In Africa, the Nguia Ti Bé Foundation supports projects which are in harmony with the continent’s own philosophy, culture and nature.  Priority will be given to projects that aim to protect Africa’s intangible heritage, indigenous knowledge and/or contribute to the development of African philosophy.

African culture has been exposed to globalisation, neo-colonialism, predatory capitalism, poverty, wars and pandemics. This has led to social, cultural and ecological dislocation as well as to a loss of indigenous knowledge and values. The foundation aims to collaborate with African philosophers, sages and traditional leaders.

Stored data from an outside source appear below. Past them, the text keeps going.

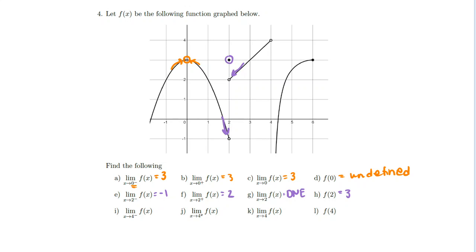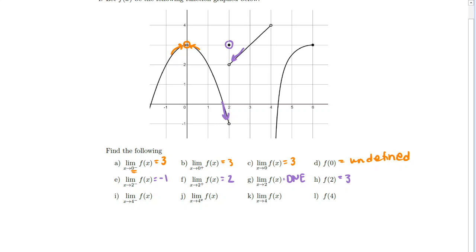At x = 4, the limit from the left approaches 4. From the right, the graph trends downward toward negative infinity. Since the left and right limits don't agree, the overall limit does not exist. There's a discontinuity at x = 4, so there's no point corresponding to that x value — f(4) is undefined.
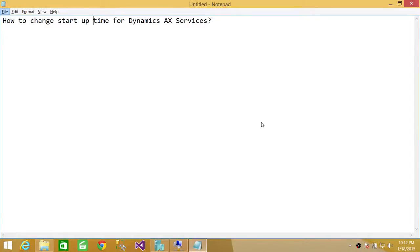Welcome to Tech Brothers. In this video we're going to learn how to change startup time for Dynamics AX services, that is Microsoft Dynamics AX services.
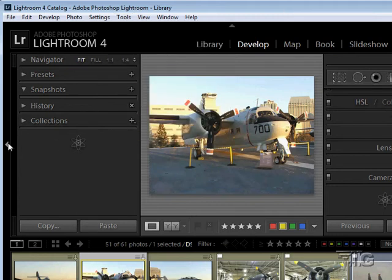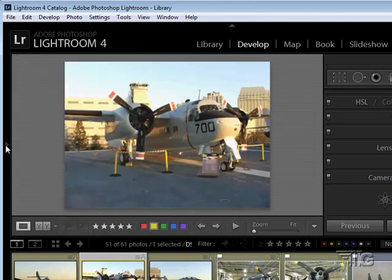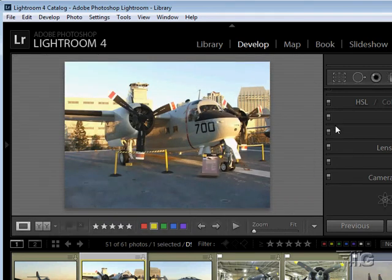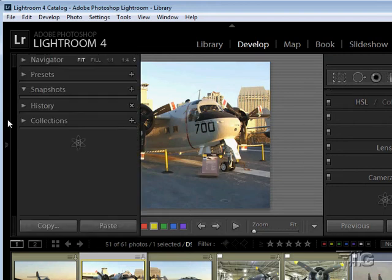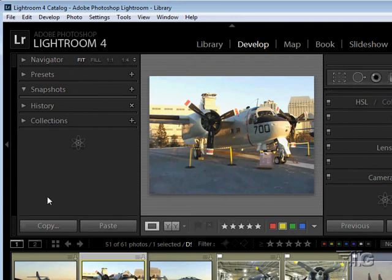As before, we can collapse or expand these panels — left side, right side — any way you want. It's really up to you. If you have a panel collapsed and you roll over it, it will pop up so you can use it, then pop back down when you roll off. Or you can click on the little arrow to lock it into position.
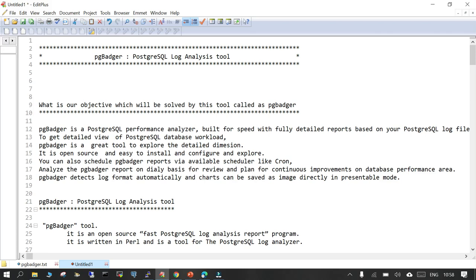PG Badger is an open source tool that can be configured and installed on your server. It can be scheduled as a cron job so that on a daily basis it picks up the log files from a given location and generates an incremental report. Every morning when you start your day you can analyze how your PostgreSQL server was doing in the last 24 hours, last one week, last one month, or two months.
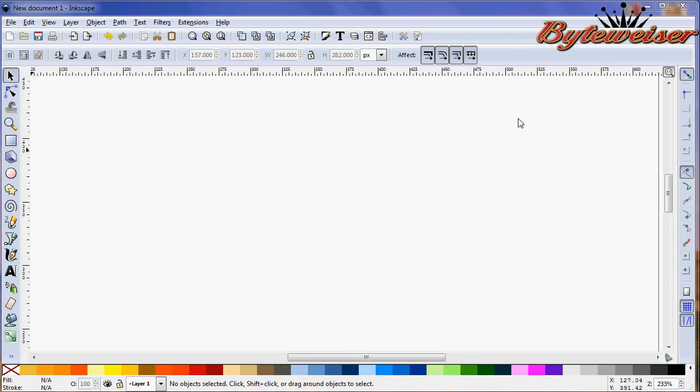Hi, welcome to another ByteWiser.com Inkscape tutorial. Today I'm going to show you how to make a US postage stamp.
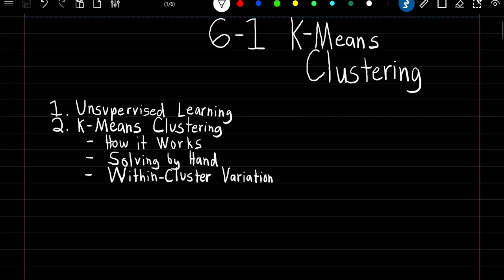What's going on guys? In this video we're going to learn our first unsupervised learning algorithm of k-means clustering. We're going to learn how it works, how to solve for it by hand, and finally what is within cluster variation.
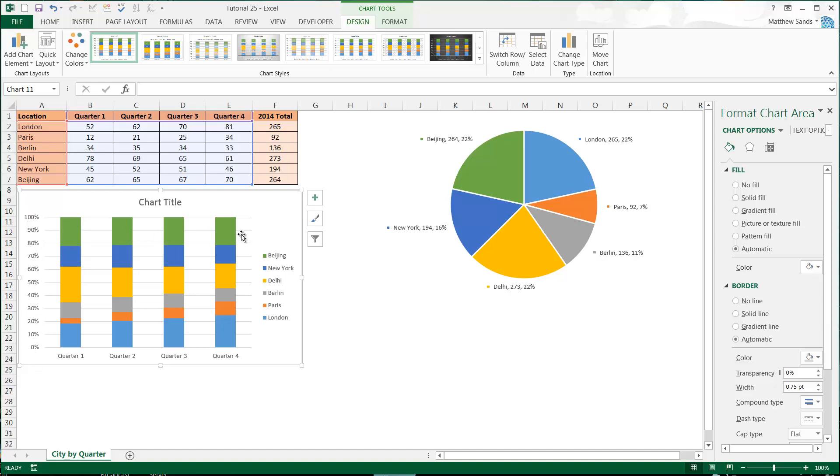So you can see as time goes on, London takes up more of the population, Paris takes up more of the population, Berlin is slowly decreasing. If you look at Berlin, it's actually staying the same value, but proportionally it's getting smaller because the overall population is getting bigger.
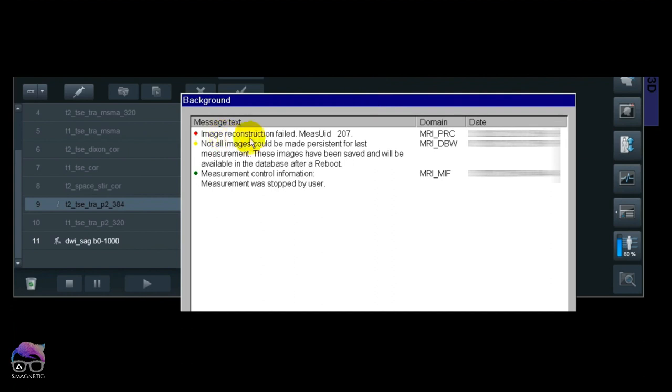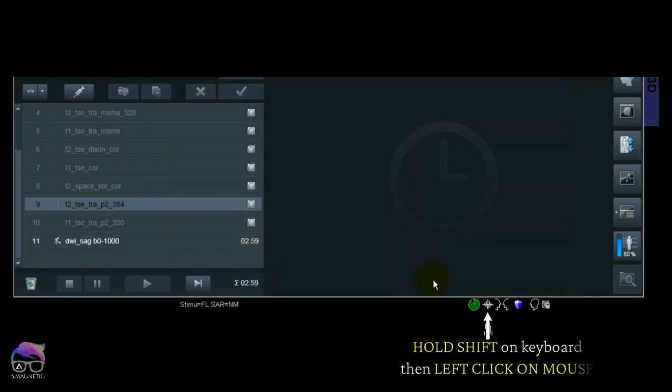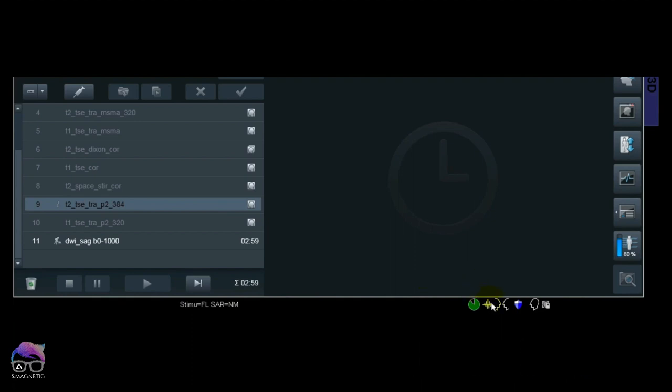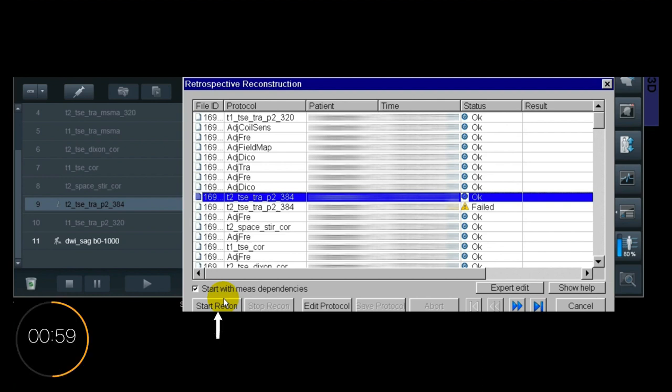Let's close the message. You see down there you have some kind of echo icon. If you hold down the Shift button on the keyboard and left-click with your mouse, you come in here—retrospective reconstruction. Locate the error sequence and you can start recon. But it's important that you don't have any ongoing sequence scanning.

In the Netherlands, the foundation promotes knowledge and understanding of African philosophy by organising lectures and workshops.

Photo MvdBoer


African thinking has often been associated with the word Ubuntu. It refers to an age-old and still flourishing philosophy of life. It is known by different names and manifestations throughout Africa, but the basic concept and characteristics are the same everywhere: the essence of man is his connectedness. He is connected to his family, his environment, nature, the past, the ancestors and those who are yet unborn. Man is in the middle of it and has the task to guard and restore harmony. In Ubuntu, moral development and ethical action are important. Humaneness, compassion and reconciliation are central themes. Ubuntu is the opposite of the one-sided Western individualism, rationalism and materialism.

African philosophy

The concept of Ubuntu is part of African philosophy. Because African thinking has many manifestations and countless local variants, there is no such thing as “THE” African philosophy. African philosophy goes far beyond the language of reason alone. It is also visible in emotion, the language of the heart, music, dance, art, stories, myths, proverbs, rituals and symbols. African thought is profound, has many spiritual and mystical levels and is continuously developing. It refers to intangible cultural heritage, does justice to Africa, empowers Africa, holds up a mirror to the West and contributes to solving current global issues (in areas such as medicine, ecology, climate change and peace building).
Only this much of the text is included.